__EXERCISE DIRECTIONS__. Could you retype exactly the lines below between the one holding "Flaming Skull Chamber D&D Battle Map" and the one holding "Comparaison originale d'une", inclusive, leaving out any pictures?

__WORKING DATA__.

--

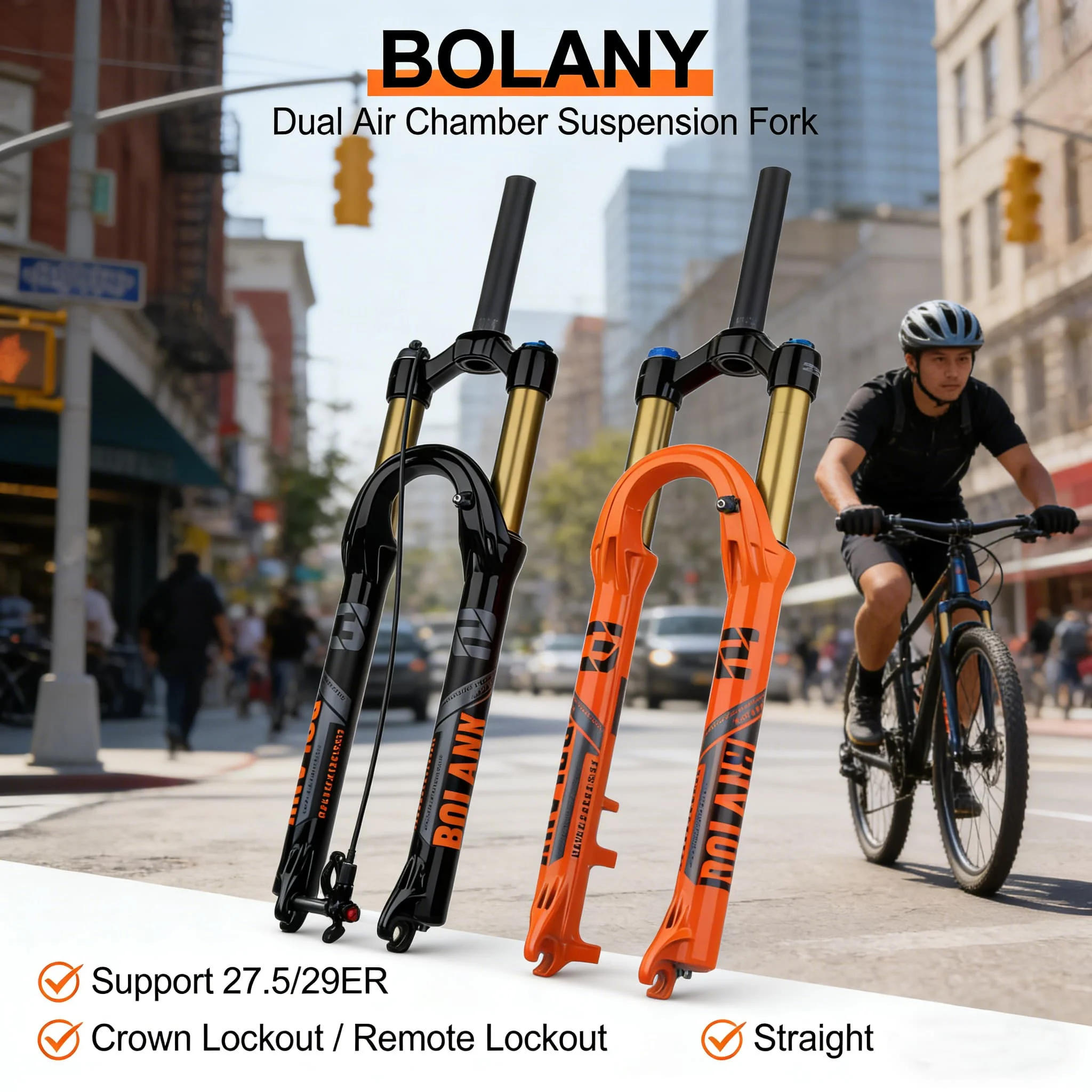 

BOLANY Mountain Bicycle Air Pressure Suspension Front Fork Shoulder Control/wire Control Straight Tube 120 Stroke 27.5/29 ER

--

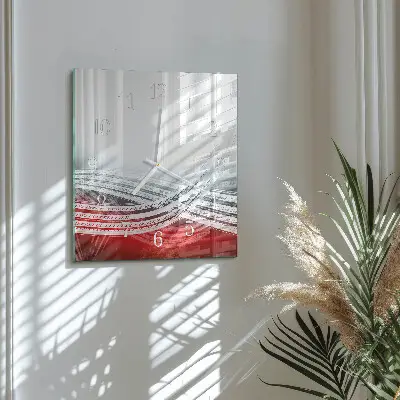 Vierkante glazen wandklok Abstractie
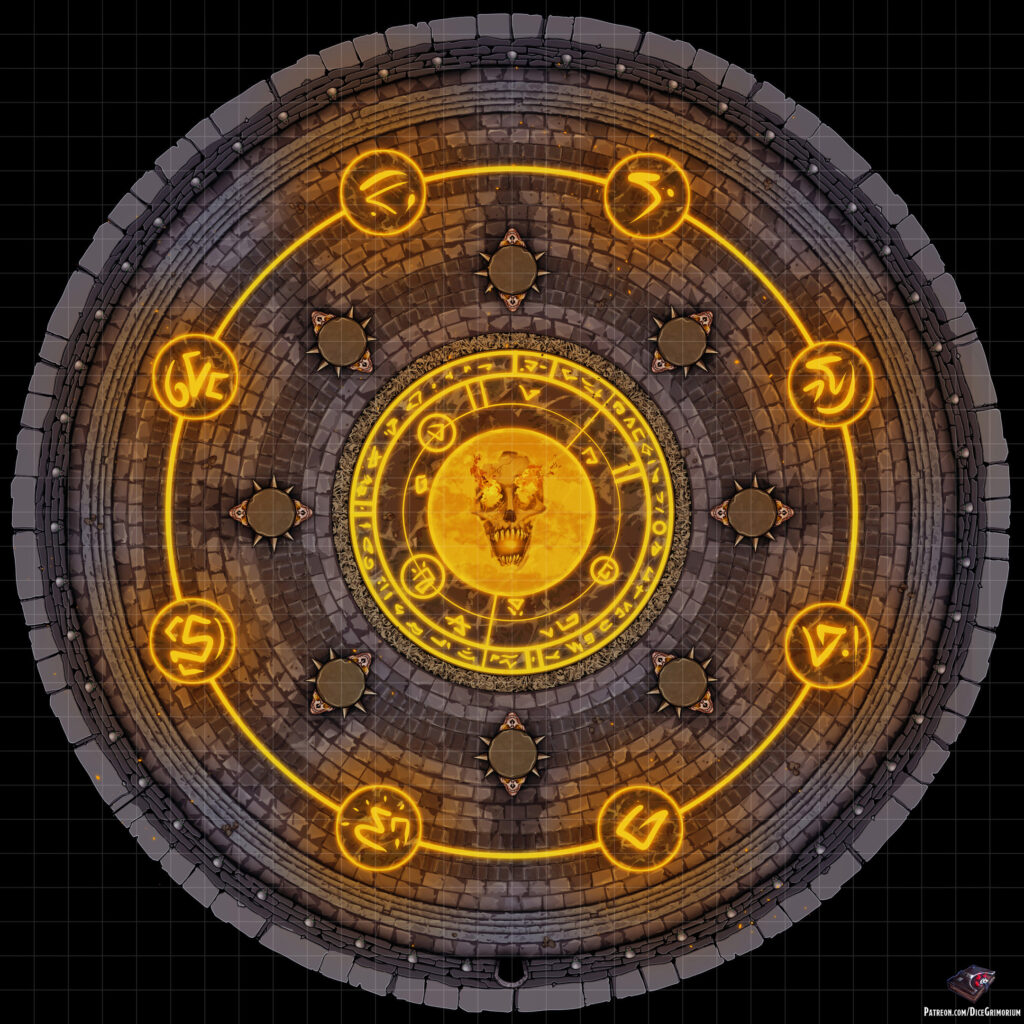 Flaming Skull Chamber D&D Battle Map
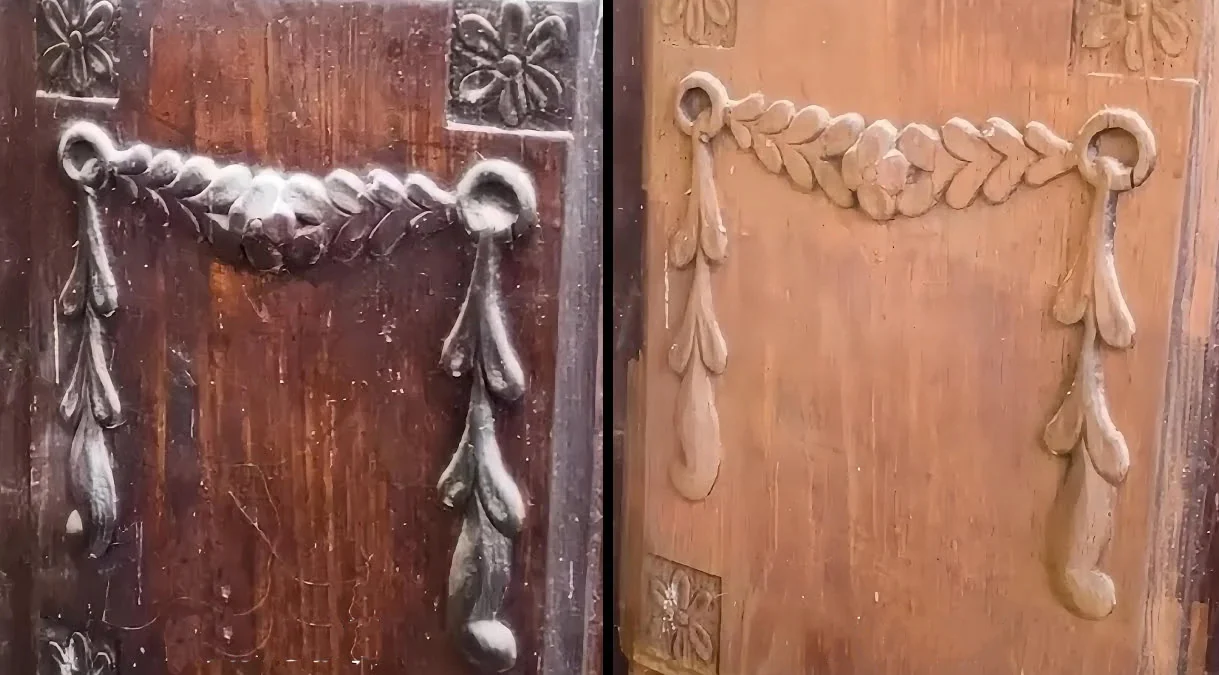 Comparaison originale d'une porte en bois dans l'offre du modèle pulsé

--

__ANSWER SPACE__.
 Flaming Skull Chamber D&D Battle Map
 Comparaison originale d'une porte en bois dans l'offre du modèle pulsé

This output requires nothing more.